Im Bosnienkrieg (1992-1995) ging die serbische Seite besonders grausam vor. Das Projekt „Groß-Serbien“ sah die ethnische Säuberung von weiten Gebieten mit hauptsächlich muslimischer, kroatischer oder gemischter Bevölkerung vor. Die Truppen von Mladic und mit ihnen verbündete Freischärlerbanden vertrieben Hunderttausende Zivilisten, Zehntausende wurden getötet. Tausende Frauen wurden Opfer von Massenvergewaltigungen.

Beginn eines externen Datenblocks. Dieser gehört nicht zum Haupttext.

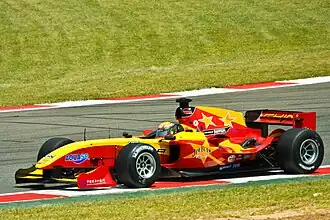 Ho-Pin Tung in actie, Kyalami, 2009.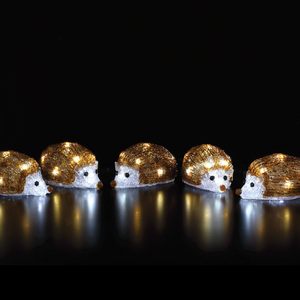 Noma 5 Acrylic Hedgehog Festive Light Chain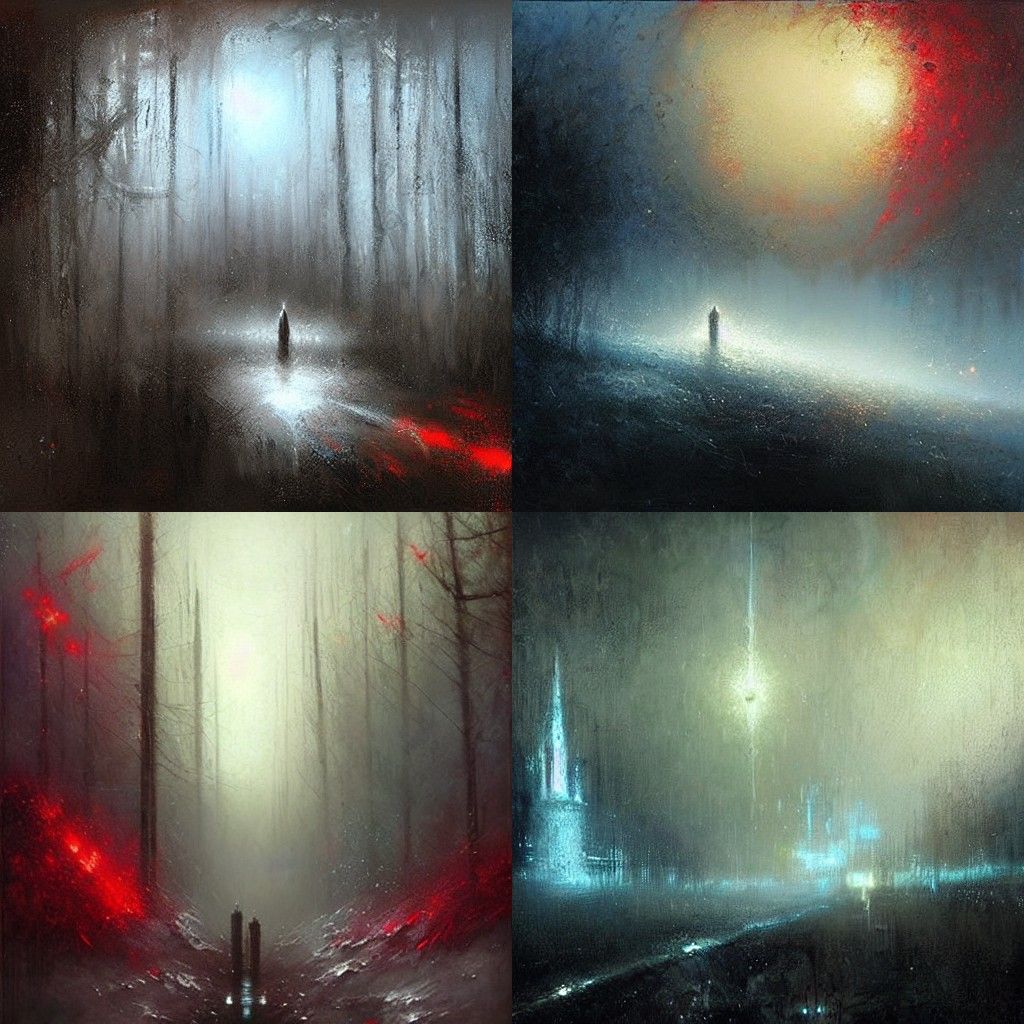 Atmospheric Fantasy Landscape Art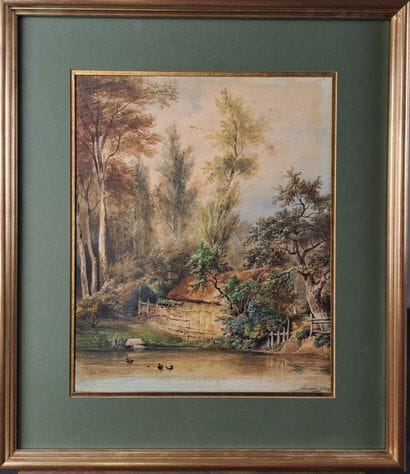 Pierre Luc Charles CICERI (1782-1868)
Cottage...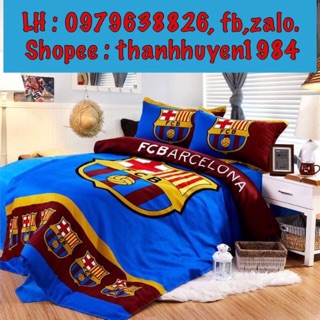 Bộ chăn ga gối FC Barcelona siêu đẹp và nhiều mẫu đội bóng khác inb trực tiếp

„Eine Situation der durchgängigen Genozid-Verleugnung“

25 Jahre später zeigt sich bei den politischen Eliten in Serbien und in der Republika Srpska wenig Schuldeinsicht - trotz der akribisch begründeten Haager Urteile. „Es ist eine Situation der durchgängigen Genozid-Verleugnung“, sagt Emir Suljagic, der Direktor des Gedenkzentrums in Potocari. Dies äußere sich in Politik, Bildung und Erziehung. Auch 25 Jahre nach dem Genozid bleibt Srebrenica Europas offene Wunde.